Georgia Tech senior Amanda McDowell is ravenous.
Her freshman season saw her participate in 50 winning matches (39 singles, 11 doubles), she clinched Tech’s third consecutive ACC Tournament championship, and helped seal the NCAA Team title.
McDowell followed that season by winning 17 of her first 18 matches as a sophomore on her way to a school-record 45 wins, then won the NCAA Singles Championship. She also became the first — and is still the only — Tech female athlete to win national player of the year honors.
She ended up earning a berth in the U.S. Open.
Last year, despite a slow start, and playing through severe back pain, she helped lead Georgia Tech to a fifth straight Sweet 16 appearance in the NCAAs, and teamed with freshman Irina Falconi to win the doubles title at the Riviera/ITA All-American Tournament.
She hasn’t considered curbing her appetite for victories this season.
“This is my last year so I just want to enjoy every second of it, and would like to get one more team title,” said McDowell, who split her first two singles and doubles matches at this year’s Georgia Tech Fall Invitational. “That is my ultimate goal.”
That goal will take a detour this weekend as McDowell and Falconi will be on the West Coast to defend their doubles championship at the 2009 Riviera/ITA All-American Tournament at the Riviera Tennis Club in Pacific Palisades, Calif. (Falconi will also compete in singles competition).

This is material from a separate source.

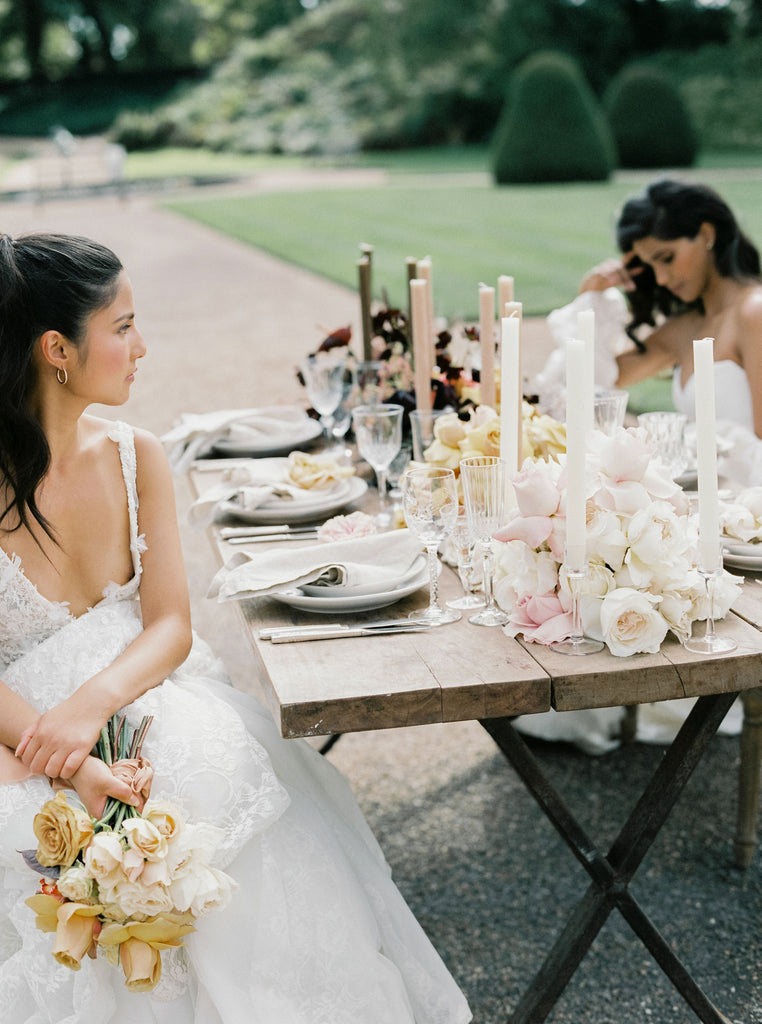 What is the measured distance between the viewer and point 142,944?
5.43 feet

It’s a return to the scene of their triumph. Last year, despite being ranked 30th, they dominated the field, finishing the job by upsetting Fresno State’s eighth-ranked duo of Renata Kucerkova and Anastasia Petukhov in the finals.
McDowell has earned quite a reputation for winning.

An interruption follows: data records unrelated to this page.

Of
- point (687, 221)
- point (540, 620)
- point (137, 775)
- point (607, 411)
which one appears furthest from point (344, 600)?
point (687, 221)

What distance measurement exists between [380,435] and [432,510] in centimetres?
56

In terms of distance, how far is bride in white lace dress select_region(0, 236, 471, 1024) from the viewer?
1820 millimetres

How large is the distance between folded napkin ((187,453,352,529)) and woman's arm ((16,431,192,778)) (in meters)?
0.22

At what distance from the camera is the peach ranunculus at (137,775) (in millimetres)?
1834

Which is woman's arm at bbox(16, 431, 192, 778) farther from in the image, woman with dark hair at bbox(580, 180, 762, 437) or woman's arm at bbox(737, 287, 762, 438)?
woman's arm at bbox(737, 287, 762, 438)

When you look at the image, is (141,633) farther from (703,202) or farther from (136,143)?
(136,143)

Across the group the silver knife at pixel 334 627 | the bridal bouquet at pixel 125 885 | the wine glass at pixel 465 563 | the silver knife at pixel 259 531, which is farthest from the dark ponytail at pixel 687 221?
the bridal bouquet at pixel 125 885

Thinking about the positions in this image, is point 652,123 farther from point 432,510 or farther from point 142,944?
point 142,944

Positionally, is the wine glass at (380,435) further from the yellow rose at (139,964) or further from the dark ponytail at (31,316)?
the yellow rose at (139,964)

“She’s got an NCAA team title under her belt, she’s got an NCAA individual singles title under her belt,” said womens coach Bryan Shelton. “Right off the bat that speaks to everyone on this team.

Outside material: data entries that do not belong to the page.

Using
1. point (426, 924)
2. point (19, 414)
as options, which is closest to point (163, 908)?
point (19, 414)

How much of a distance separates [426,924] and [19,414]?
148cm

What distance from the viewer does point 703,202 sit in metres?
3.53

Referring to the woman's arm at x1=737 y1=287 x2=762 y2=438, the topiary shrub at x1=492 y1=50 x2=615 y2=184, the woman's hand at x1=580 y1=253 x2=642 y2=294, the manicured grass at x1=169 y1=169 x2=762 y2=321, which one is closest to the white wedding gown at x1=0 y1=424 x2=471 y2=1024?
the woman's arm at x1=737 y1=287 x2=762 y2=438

“The biggest thing about her leadership is that it’s by example first and foremost. But I think understanding that we have a very young group of players, she knows that not only does she need to lead by example, but she needs to be vocal. Fortunately we’ve got a team that is willing to follow that lead.”
McDowell raised her credibility a peg last season with the example she set by battling through a back injury that she said affected her most at the end of the season. She still won 14 of her final 17 matches, was named All-ACC for the second straight season and to ESPN The Magazine’s Academic All-District III team.
“I think in any sport you’re going to play through a little bit of pain,” she said. “It taught me that I had to be extra focused on the court when I was trying to play through that pain. I wanted to keep my matches as short as possible to really stay on top of my opponent. So I think it helped me to just be focused out there.”
That focus included drawing on her experience.
“Whenever you’re battling through an obstacle on the court, you just try to pull from your positive experiences and some of the success you’ve had in the past,” she said. “Drawing from those experiences and past successes helped me.”
Shelton put it another way.
“It’s that old adage, ‘whatever doesn’t kill you makes you stronger,'” he said. “That’s part of sports. You’re going to have injuries, you’re going to be sick, you’re not going to be at 100 percent all the time. When you don’t have your very best is a lesson for everyone to learn, especially the young ones.”
Falconi has paid close attention to McDowell.
“She’s had success both individually, in doubles, in singles, and the team experience,” said the sophomore who followed in McDowell’s footsteps by playing in the 2009 U.S. Open qualifiers. “Her attitude, her competitive spirit is just unbelievable. That’s kind of her motto on court, ‘Do whatever it takes.’
“She strongly believes in that. I think if we all have the same mentality and spirit on the court, great things are going to happen.”
They’re so close to big-time success they can taste it.